PRH: changing record-keeping

In the past, maintaining hospital records meant sifting through large folders and filing cabinets, searching for documents, charts, and other patient information. In recent years, health practitioners in the U.S. have shifted toward a digital record-keeping system, a system that Pullman Regional Hospital has mastered.

PRH is one of 840 registered facilities to be recognized in a federal program to de-clutter and generally increase healthcare efficiency by using electronic record keeping. More than four thousand healthcare providers are registered altogether.

As part of the American Recovery and Reinvestment Act of 2009, the federal government allocated forty billion dollars to modernize healthcare computer systems and health information technology. Designed to improve health care quality, prevent medical errors and decrease paperwork, this piece of legislature is known as the Meaningful Use Stimulus.

Pullman Regional Hospital completed Stage Two of the Meaningful Use Stimulus, meaning they have passed various measurements of their technological information availability. Only 19 percent of registered facilities have completed Stage Two.

Catherine Murphy, registered nurse and director of clinical informatics at PRH, said every staff member at PRH who deals with patients is trained in the medical software Meditech. She said the software compiles information onto a network that makes it easily accessible to any practitioner using Meditech or other compatible health information software.

This means a patient who visits the emergency room at one hospital will have all the information from that visit readily available at their physician’s office the next day, without any papers or files.

Currently, third-party software companies have provided care centers with different health information software, creating a web of networks that may work together, and may not. This causes some speed bumps, as issues between the programs need to be ironed out before the information can be shared, Murphy said.

“There are a lot of stakeholders in the healthcare industry,” Murphy said. “It takes a lot of coordination to streamline this new system.”

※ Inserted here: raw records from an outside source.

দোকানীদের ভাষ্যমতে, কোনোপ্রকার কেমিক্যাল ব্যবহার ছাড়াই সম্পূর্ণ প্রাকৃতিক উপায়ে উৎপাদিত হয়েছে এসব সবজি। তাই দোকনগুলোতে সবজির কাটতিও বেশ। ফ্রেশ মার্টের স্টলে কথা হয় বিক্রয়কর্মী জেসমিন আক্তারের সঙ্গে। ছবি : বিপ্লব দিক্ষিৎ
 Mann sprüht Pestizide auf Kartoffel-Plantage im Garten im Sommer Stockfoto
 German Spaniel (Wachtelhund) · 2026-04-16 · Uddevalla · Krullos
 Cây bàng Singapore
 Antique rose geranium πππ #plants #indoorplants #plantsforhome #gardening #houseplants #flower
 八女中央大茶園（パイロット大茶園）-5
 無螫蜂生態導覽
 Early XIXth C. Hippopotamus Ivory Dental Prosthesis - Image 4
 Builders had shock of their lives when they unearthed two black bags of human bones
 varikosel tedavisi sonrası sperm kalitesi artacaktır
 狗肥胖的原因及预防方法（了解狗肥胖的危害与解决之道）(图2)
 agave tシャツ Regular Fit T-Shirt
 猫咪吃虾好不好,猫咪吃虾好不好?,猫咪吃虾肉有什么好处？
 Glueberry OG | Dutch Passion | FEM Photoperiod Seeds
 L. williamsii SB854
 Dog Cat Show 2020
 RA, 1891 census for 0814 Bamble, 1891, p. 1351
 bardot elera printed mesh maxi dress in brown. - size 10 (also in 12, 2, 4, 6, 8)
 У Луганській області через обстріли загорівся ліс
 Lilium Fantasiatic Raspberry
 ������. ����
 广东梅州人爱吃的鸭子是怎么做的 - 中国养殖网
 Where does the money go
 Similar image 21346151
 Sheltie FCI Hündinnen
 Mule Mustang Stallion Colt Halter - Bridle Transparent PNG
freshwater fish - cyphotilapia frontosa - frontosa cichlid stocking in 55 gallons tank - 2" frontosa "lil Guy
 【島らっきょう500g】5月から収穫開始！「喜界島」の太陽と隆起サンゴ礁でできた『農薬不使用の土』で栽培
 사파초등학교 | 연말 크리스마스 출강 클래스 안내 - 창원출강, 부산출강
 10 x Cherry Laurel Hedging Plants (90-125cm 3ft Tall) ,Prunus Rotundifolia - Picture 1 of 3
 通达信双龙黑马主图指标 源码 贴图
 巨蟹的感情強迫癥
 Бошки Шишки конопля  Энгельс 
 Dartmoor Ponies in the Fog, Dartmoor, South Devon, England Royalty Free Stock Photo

Megan Guido, director of marketing at PRH, said while the process of establishing these networks is slow-going, they will keep working with patients and staff to continually modernize their informatics systems.

“Our small size allows us to move flexibly, act quickly and continue to innovate,” said Guido, “larger hospitals just don’t have the time or staff to implement these things as efficiently.”

Meaningful Use requires that five percent of patients need to access the online patient portal, a feature of Meditech software that allows patients to look over all their medical information from their homes.

Amber Roberts, obstetrics specialist at PRH said most patients are excited to be able to see their prescriptions, allergies, and test results online.

“When you implement something like this, there is going to be a learning curve for everyone involved,” Roberts said. “We have experts who come in and explain everything to the patient, which makes the process easier.”

Roberts hopes that one day, a single software program will be used between any and all healthcare providers, making it fast and easy to send patient information anywhere.